== Data for this task

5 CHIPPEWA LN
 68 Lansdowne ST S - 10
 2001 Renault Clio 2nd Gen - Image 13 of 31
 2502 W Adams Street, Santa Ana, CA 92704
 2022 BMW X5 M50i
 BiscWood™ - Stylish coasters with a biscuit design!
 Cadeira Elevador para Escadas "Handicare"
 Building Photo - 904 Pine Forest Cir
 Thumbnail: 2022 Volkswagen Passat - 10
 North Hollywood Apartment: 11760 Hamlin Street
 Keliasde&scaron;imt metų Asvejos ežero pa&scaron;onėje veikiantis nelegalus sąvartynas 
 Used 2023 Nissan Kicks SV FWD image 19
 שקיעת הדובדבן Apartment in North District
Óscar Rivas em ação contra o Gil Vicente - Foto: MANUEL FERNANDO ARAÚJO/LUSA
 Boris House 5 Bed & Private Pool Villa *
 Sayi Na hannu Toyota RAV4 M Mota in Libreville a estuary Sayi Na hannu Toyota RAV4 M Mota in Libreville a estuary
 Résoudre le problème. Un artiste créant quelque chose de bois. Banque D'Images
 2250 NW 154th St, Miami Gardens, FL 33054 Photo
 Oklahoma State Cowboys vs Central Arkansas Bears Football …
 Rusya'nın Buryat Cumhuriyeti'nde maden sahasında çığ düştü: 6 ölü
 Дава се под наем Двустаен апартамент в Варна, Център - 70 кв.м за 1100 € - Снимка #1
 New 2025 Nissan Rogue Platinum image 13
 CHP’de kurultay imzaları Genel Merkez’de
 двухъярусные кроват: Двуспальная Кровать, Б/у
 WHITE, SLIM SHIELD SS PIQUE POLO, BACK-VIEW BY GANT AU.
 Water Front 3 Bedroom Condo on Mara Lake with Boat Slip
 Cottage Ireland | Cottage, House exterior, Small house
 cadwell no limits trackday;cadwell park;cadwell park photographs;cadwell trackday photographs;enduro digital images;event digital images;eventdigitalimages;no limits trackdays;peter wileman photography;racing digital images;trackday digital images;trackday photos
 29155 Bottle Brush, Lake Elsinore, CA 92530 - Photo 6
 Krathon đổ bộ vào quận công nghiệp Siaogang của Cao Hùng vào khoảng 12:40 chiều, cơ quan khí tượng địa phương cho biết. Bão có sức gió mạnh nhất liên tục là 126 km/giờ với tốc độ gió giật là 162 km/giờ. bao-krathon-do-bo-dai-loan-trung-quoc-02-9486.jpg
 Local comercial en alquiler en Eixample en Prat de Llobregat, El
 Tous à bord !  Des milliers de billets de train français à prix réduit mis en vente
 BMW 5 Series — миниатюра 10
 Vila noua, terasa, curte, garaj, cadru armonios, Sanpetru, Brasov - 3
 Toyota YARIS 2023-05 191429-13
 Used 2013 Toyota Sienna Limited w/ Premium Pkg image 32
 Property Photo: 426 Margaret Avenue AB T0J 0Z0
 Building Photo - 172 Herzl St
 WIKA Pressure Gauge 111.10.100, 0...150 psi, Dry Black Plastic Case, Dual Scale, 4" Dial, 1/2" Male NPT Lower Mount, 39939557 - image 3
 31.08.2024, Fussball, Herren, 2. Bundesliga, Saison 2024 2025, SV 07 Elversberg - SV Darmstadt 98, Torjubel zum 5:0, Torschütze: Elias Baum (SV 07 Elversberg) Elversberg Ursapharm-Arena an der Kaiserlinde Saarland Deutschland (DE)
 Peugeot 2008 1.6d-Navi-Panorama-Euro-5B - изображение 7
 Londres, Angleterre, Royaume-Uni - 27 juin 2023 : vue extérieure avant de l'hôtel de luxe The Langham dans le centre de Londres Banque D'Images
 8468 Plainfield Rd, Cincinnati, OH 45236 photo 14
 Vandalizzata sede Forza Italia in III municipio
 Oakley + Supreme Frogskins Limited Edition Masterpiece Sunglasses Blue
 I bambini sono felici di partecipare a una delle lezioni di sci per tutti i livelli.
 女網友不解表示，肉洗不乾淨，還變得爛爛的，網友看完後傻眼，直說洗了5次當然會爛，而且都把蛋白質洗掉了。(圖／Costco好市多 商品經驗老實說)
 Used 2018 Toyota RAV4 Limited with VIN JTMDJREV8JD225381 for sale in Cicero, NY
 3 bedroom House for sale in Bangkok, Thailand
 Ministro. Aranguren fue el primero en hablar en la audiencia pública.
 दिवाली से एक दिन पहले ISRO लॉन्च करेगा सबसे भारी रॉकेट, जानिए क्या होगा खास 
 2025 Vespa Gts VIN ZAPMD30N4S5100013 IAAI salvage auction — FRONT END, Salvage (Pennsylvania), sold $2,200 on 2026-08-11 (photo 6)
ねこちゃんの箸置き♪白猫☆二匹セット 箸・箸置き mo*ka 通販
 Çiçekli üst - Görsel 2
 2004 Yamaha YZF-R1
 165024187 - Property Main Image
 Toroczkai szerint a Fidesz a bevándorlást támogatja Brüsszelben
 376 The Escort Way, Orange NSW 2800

====

:: Exercise aim ::
Working from the records above, write out verbatim only the lines from the line containing "Krathon đổ bộ" through the line containing "दिवाली से एक".

:: Your solution ::
 Krathon đổ bộ vào quận công nghiệp Siaogang của Cao Hùng vào khoảng 12:40 chiều, cơ quan khí tượng địa phương cho biết. Bão có sức gió mạnh nhất liên tục là 126 km/giờ với tốc độ gió giật là 162 km/giờ. bao-krathon-do-bo-dai-loan-trung-quoc-02-9486.jpg
 Local comercial en alquiler en Eixample en Prat de Llobregat, El
 Tous à bord !  Des milliers de billets de train français à prix réduit mis en vente
 BMW 5 Series — миниатюра 10
 Vila noua, terasa, curte, garaj, cadru armonios, Sanpetru, Brasov - 3
 Toyota YARIS 2023-05 191429-13
 Used 2013 Toyota Sienna Limited w/ Premium Pkg image 32
 Property Photo: 426 Margaret Avenue AB T0J 0Z0
 Building Photo - 172 Herzl St
 WIKA Pressure Gauge 111.10.100, 0...150 psi, Dry Black Plastic Case, Dual Scale, 4" Dial, 1/2" Male NPT Lower Mount, 39939557 - image 3
 31.08.2024, Fussball, Herren, 2. Bundesliga, Saison 2024 2025, SV 07 Elversberg - SV Darmstadt 98, Torjubel zum 5:0, Torschütze: Elias Baum (SV 07 Elversberg) Elversberg Ursapharm-Arena an der Kaiserlinde Saarland Deutschland (DE)
 Peugeot 2008 1.6d-Navi-Panorama-Euro-5B - изображение 7
 Londres, Angleterre, Royaume-Uni - 27 juin 2023 : vue extérieure avant de l'hôtel de luxe The Langham dans le centre de Londres Banque D'Images
 8468 Plainfield Rd, Cincinnati, OH 45236 photo 14
 Vandalizzata sede Forza Italia in III municipio
 Oakley + Supreme Frogskins Limited Edition Masterpiece Sunglasses Blue
 I bambini sono felici di partecipare a una delle lezioni di sci per tutti i livelli.
 女網友不解表示，肉洗不乾淨，還變得爛爛的，網友看完後傻眼，直說洗了5次當然會爛，而且都把蛋白質洗掉了。(圖／Costco好市多 商品經驗老實說)
 Used 2018 Toyota RAV4 Limited with VIN JTMDJREV8JD225381 for sale in Cicero, NY
 3 bedroom House for sale in Bangkok, Thailand
 Ministro. Aranguren fue el primero en hablar en la audiencia pública.
 दिवाली से एक दिन पहले ISRO लॉन्च करेगा सबसे भारी रॉकेट, जानिए क्या होगा खास 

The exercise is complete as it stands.